The authors propose a simple analytical model to capture this behavior. The normal stress acting on a pillar is σ_n = ρ g h cosθ, where ρ is the bulk density of the granular layer, h its thickness, g gravity, and θ the inclination. The drag (or shear) force contributed by a single pillar is taken as F_p = k σ_n A_p, where A_p = π(d_p/2)^2 is the pillar cross‑sectional area and k is an empirical coefficient (found to be ≈ 0.15). Because pillars are arranged on a square lattice, the number of pillars per unit area is φ = 1/L^2. The total additional shear stress due to the forest is therefore τ_p = k σ_n A_p φ. Adding this to the basal shear stress τ_0 = μ_0 σ_n (μ_0 being the friction coefficient of the bare rough plane) yields a total shear resistance τ = (μ_0 + k A_p φ) σ_n. In other words, the effective friction coefficient becomes μ_eff = μ_0 + k A_p φ, which grows linearly with pillar density. When the measured φ and A_p are inserted, the predicted increase in μ_eff matches the observed rise in both θ_start and θ_stop across all spacings, confirming the model’s validity.

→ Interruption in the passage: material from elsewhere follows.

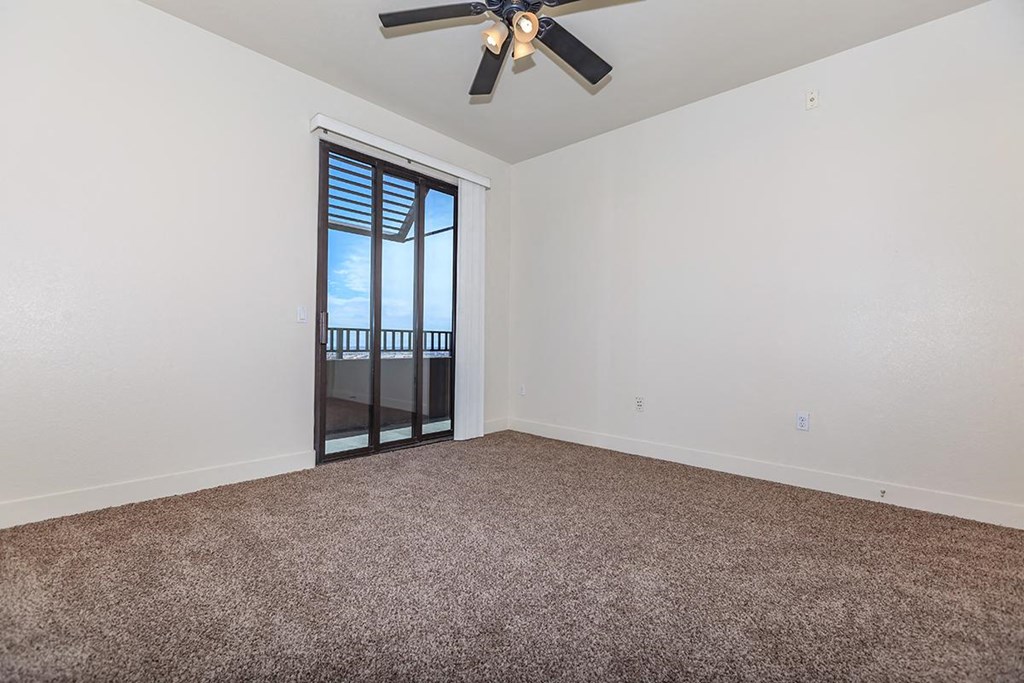 an empty living room with a ceiling fan and a balcony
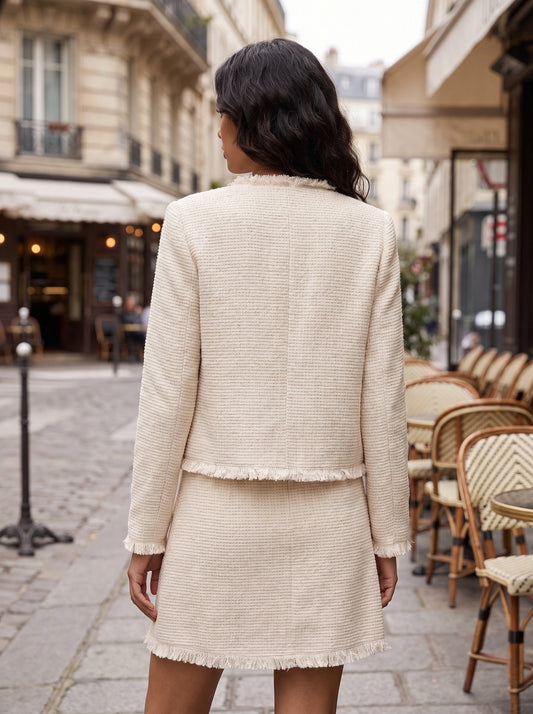 Back view of a model showing the Womens Textured Autumn Jacket in a warm hue, showing its sophisticated construction and tailored fit against a neutral background.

Additional experiments varying pillar height showed that once the pillar height exceeds roughly three times the mean grain diameter, the incremental stability gain saturates. This is interpreted as a geometric limitation: grains can no longer fully engage the entire pillar surface and instead flow around the obstacles, limiting the additional shear resistance.

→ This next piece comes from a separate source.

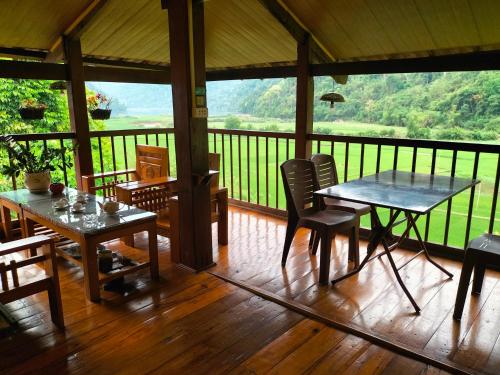 a screened in porch with tables and chairs and a view at Nặm Pé Homestay in Bak Kan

Implications: The study demonstrates that a deliberately engineered “forest” of vertical obstacles can substantially raise the critical angles for granular flow on slopes. This insight is directly relevant to geotechnical engineering, where vegetation roots, engineered piles, or artificial roughness elements could be deployed to mitigate landslides or debris flows. In industrial contexts, the findings suggest that arranging posts or ribs on inclined conveyors could be used to tune flow onset, prevent uncontrolled avalanching, and improve material handling safety.

In conclusion, the paper provides a clear experimental quantification of how obstacle density influences granular stability, validates a straightforward friction‑based model, and opens pathways for both natural hazard mitigation and engineered granular flow control.